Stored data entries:
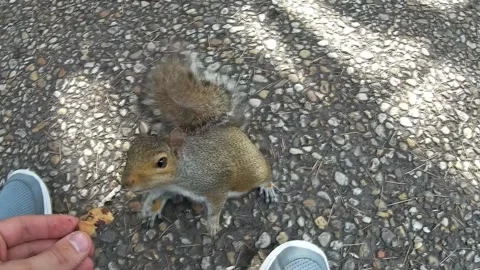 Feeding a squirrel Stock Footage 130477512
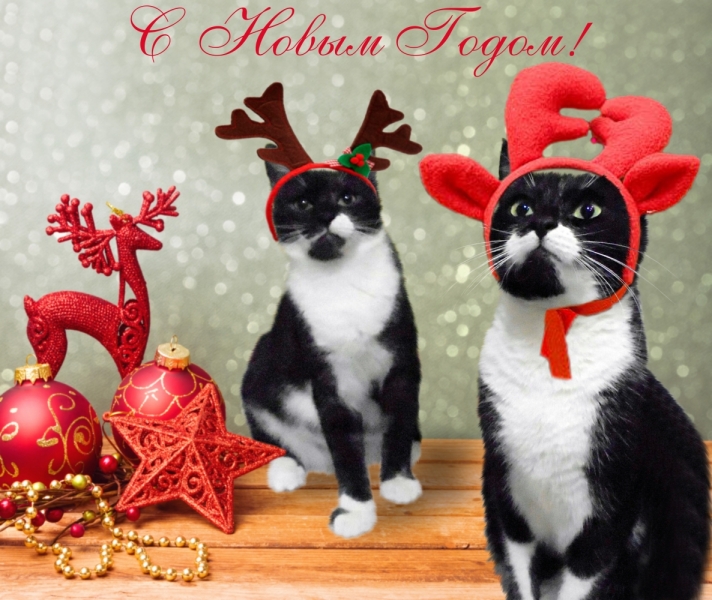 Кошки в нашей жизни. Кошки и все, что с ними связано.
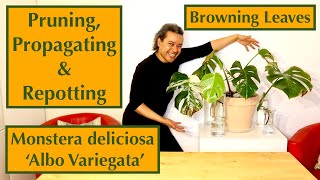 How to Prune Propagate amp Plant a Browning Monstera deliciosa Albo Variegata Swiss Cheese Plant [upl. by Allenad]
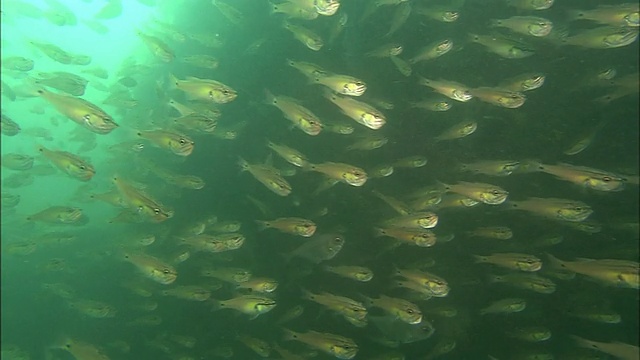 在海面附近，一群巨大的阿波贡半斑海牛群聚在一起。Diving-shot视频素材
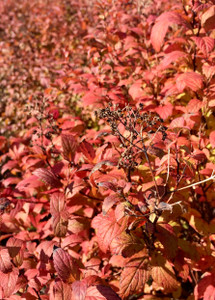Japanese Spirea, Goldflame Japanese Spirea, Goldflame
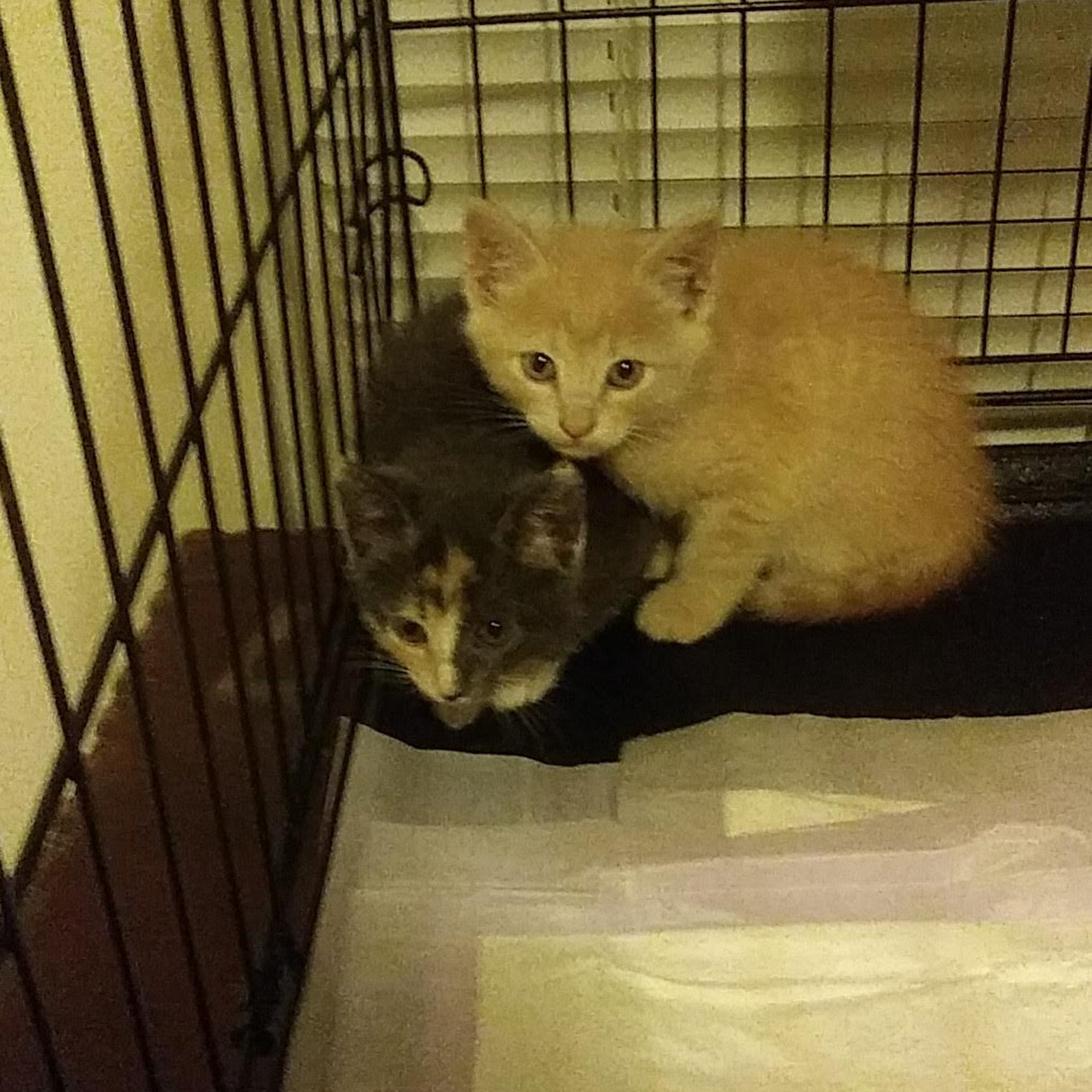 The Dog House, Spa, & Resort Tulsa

ABOUT THIS TASK:
Each entry above is to be restated exactly, without its images.

TASK RESPONSE:
 Feeding a squirrel Stock Footage 130477512
 Кошки в нашей жизни. Кошки и все, что с ними связано.
 How to Prune Propagate amp Plant a Browning Monstera deliciosa Albo Variegata Swiss Cheese Plant [upl. by Allenad]
 在海面附近，一群巨大的阿波贡半斑海牛群聚在一起。Diving-shot视频素材
Japanese Spirea, Goldflame Japanese Spirea, Goldflame
 The Dog House, Spa, & Resort Tulsa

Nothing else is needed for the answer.